According to an article in The New York Times, “A year after Scarsdale became the most prominent school district in the nation to phase out the College Board’s Advanced Placement courses — and make A.P. exams optional — most students and teachers here praise the change for replacing mountains of memorization with more sophisticated and creative curriculums.”
A handful of exclusive private schools, including Ethical Culture Fieldston, Dalton and Calhoun in New York City, have abolished Advanced Placement courses in recent years, but Scarsdale has set a precedent for high-achieving public schools. It did so deliberately, investing $40,000 to bring in 25 professors from Harvard, Yale, New York University and other top colleges to help develop the Advanced Topics curriculum, and having guidance counselors contact admissions officers at 130 selective schools to explain the change and gauge any concerns.
“We have the luxury of being able to move beyond the A.P.,” John Klemme, Scarsdale’s principal, said in a recent interview. “If people called it a gold curriculum in the past, I refer to this version as the platinum curriculum.”
For instance, art students have been newly liberated to draw large-scale works rather than adhere to the College Board’s 18-by-24-inch parameters. Physics students now study string theory — a hot topic in some college courses that is absent from the Advanced Placement exam.

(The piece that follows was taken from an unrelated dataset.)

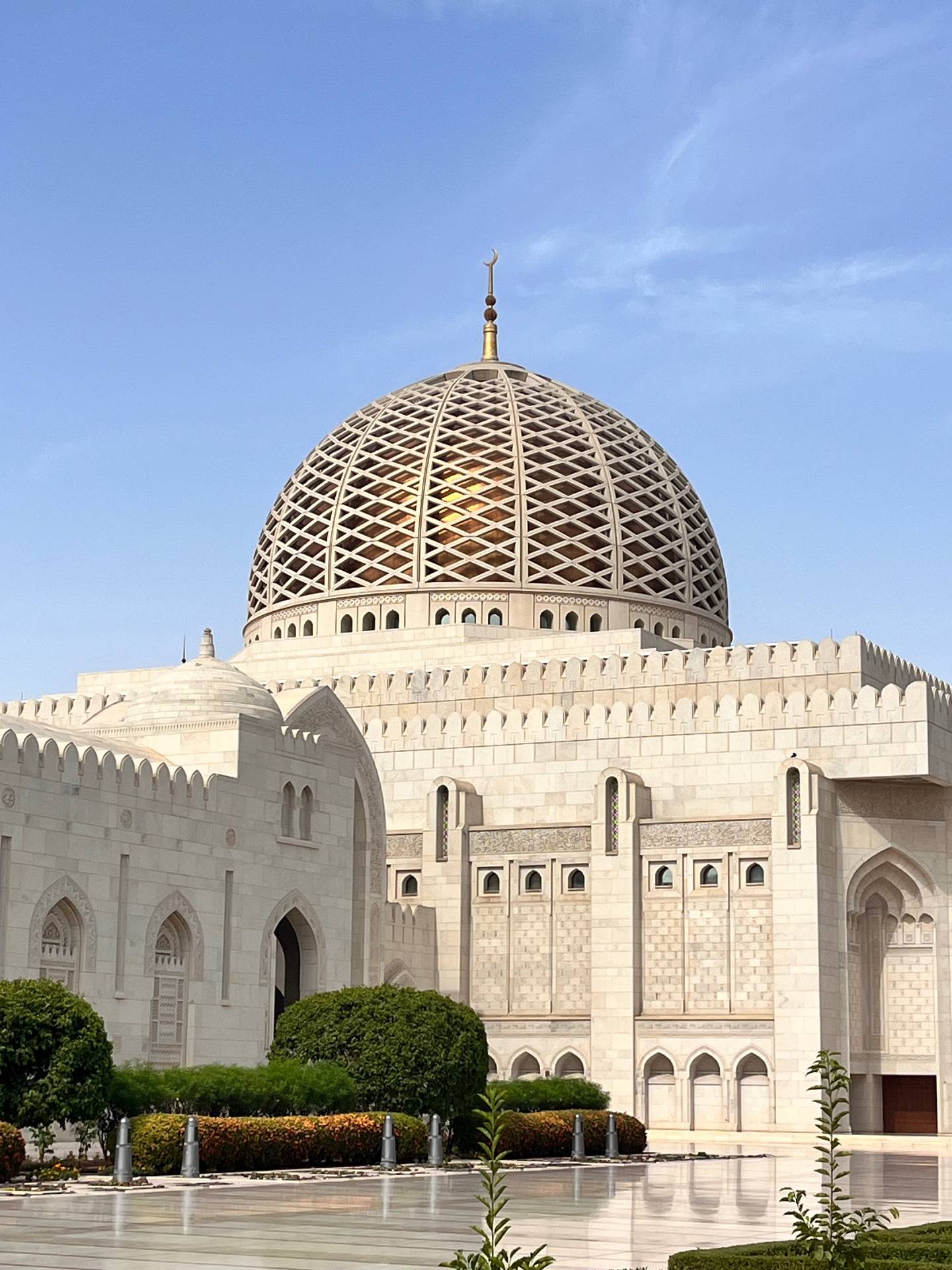 Explore muscat (city tour)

And the advanced government class takes a three-day field trip to conduct primary research at Harvard’s Kennedy School, something teachers say would have been impossible with the intense Advanced Placement schedule.
The College Board, a nonprofit organization, derives about a third of its $600 million revenue annually from Advanced Placement exams, which cost students $86 each (schools can keep $8 of that fee to pay for proctors and professional development). Schools do not pay to run A.P. courses.